Directly downloading images has another downsite: These images might only be available over an insecure connection (HTTP instead of HTTPS), thereby creating a mixed-content page, where part of the page is not secure. Although web browsers like Firefox will still display images in mixed-content pages, they also display a warning icon in the address bar.
Leakage via clicks
Whenever the user visits a web site, for instance by clicking on a search result, the user will obviously share some identifying information with that site. In some cases, this information might include the user’s search terms: Search leakage is the “transmission of a user’s search terms to the site in the search results that the user chooses to visit”. Leakage of the user’s search terms may occur because of the HTTP referrer header. Browsers that run the Searsia client will send this referrer header — possibly including the query — to the site that the user wants to visit.
Leakage of the user’s search terms might be the biggest threat to privacy in this list, because users share intimate details with search engines. Users might search information about their health, about their sexual preferences, or about their financial situation. It is therefore important to annonymize queries properly.
Leakage via advertisements
As an example of the requirements of advertisement networks, Yahoo’s Native ads for the web shows the kind of code that has to be included in a web site to allow Yahoo displaying advertisements. It also shows the use of a viewability beacon: A call to Yahoo to indicate that the advertisement is visible on the site.
How Searsia prevents privacy leakage
Searsia version 1.0 prevents privacy leakage as follows:
Leakage via images will be prevented by adding an option that lets the Searsia server also forward the images.
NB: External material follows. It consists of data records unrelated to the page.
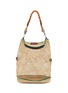 首图 - 点击放大 - MY BOB - Colin Raffia Tote Bag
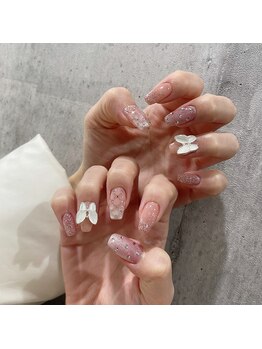 アンダーバーホワイトプラス 南海難波店(_WHITE+)/クリアキルティング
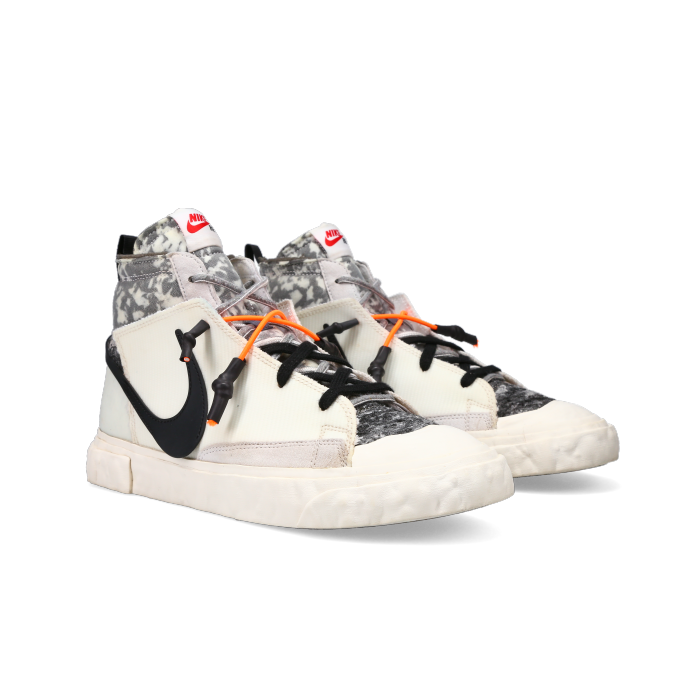 Nike Blazer Mid X Readymade 'White Camo' - Front View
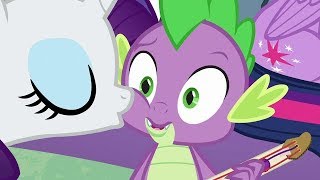 Rarity x Spike Is Not The First Ship To Go Down This Path [upl. by Annalla]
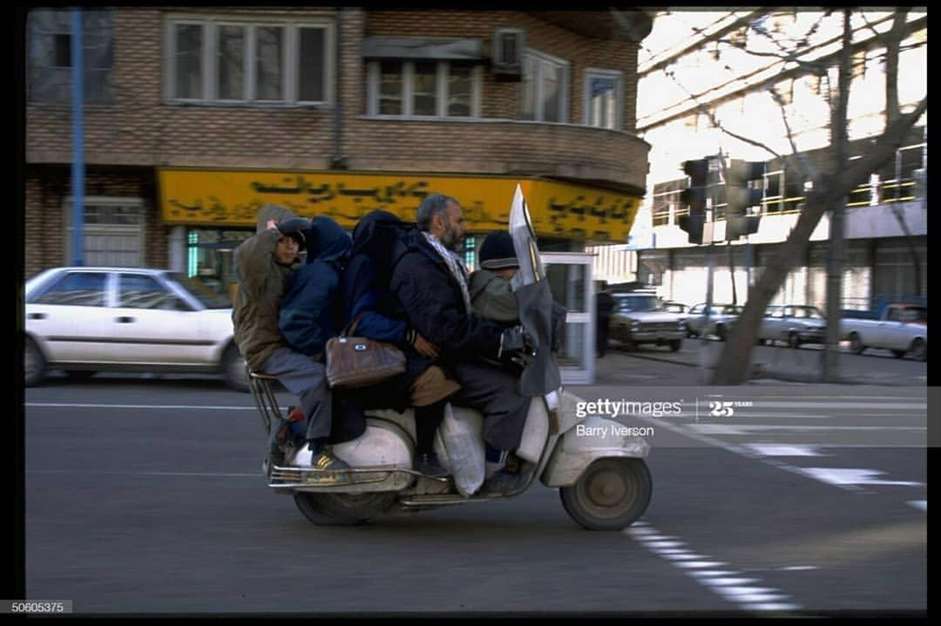 آلبوم تصاویر ایران در دهه هفتاد شمسی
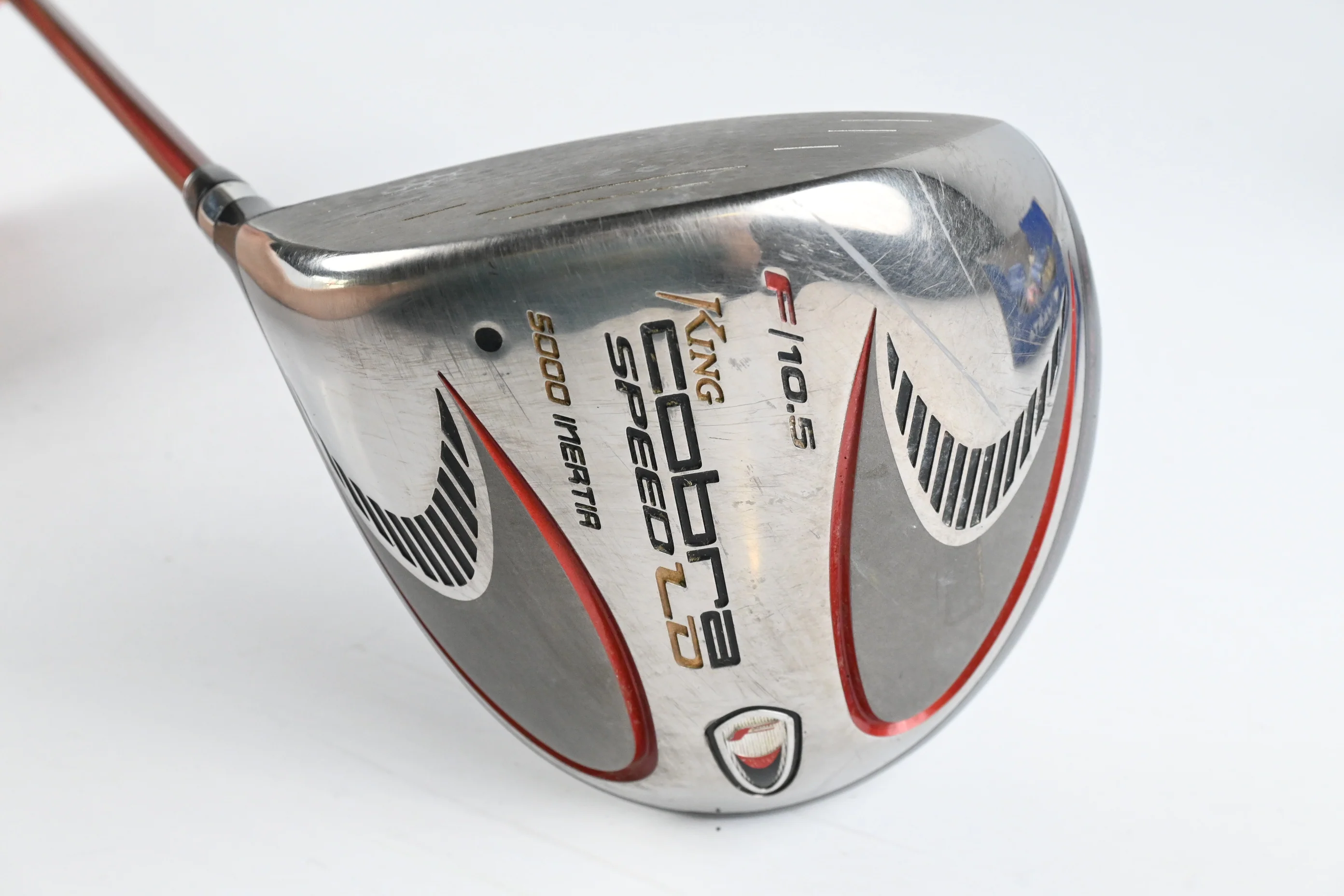 Left Hand Cobra Speed LD Driver / 10.5 Degree / Regular Flex Aldila NV 55 Shaft - Image 2
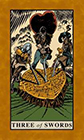 english-magic - Three of Swords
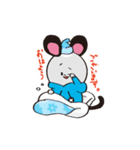 ねずボット＆ロボにゃんの日常スタンプ（個別スタンプ：9）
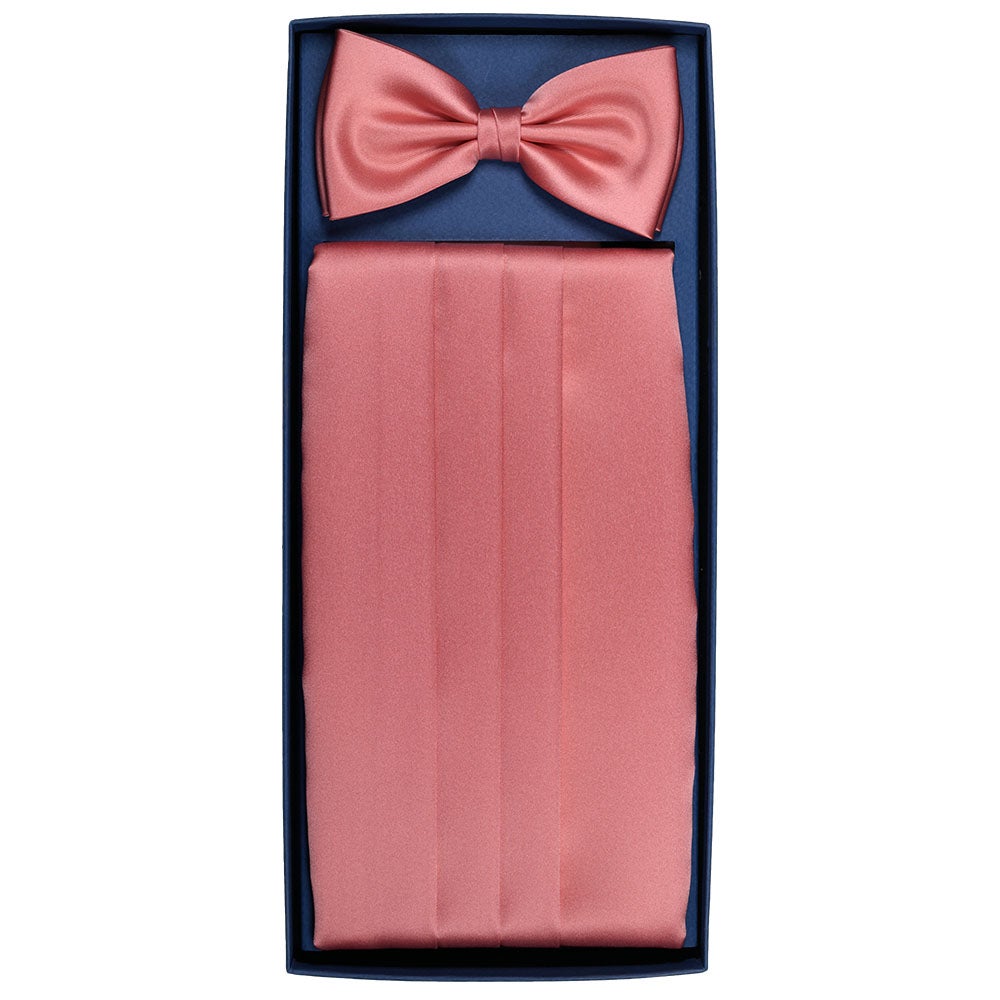 Cummerbund set persika 105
This way, it serves as a proxy for images and additionally provides secure web connections if the Searsia server is served over HTTPS.
Leakage via clicks is prevented by the a Referrer Policy meta header in Searsia’s client. The client will use the default policy ‘
no-referrer’, so it will not share any referrer information. This can be changed to for instance
'origin'to send only the first part of the URL without the query string.
Leakage via advertisements, finally, cannot be prevented easily, unless the advertisement networks allow the Searsia server to anonymize all the user interactions with the advertisements. This is ongoing work, and we will spend a future blog posts on advertisements without privacy leakage.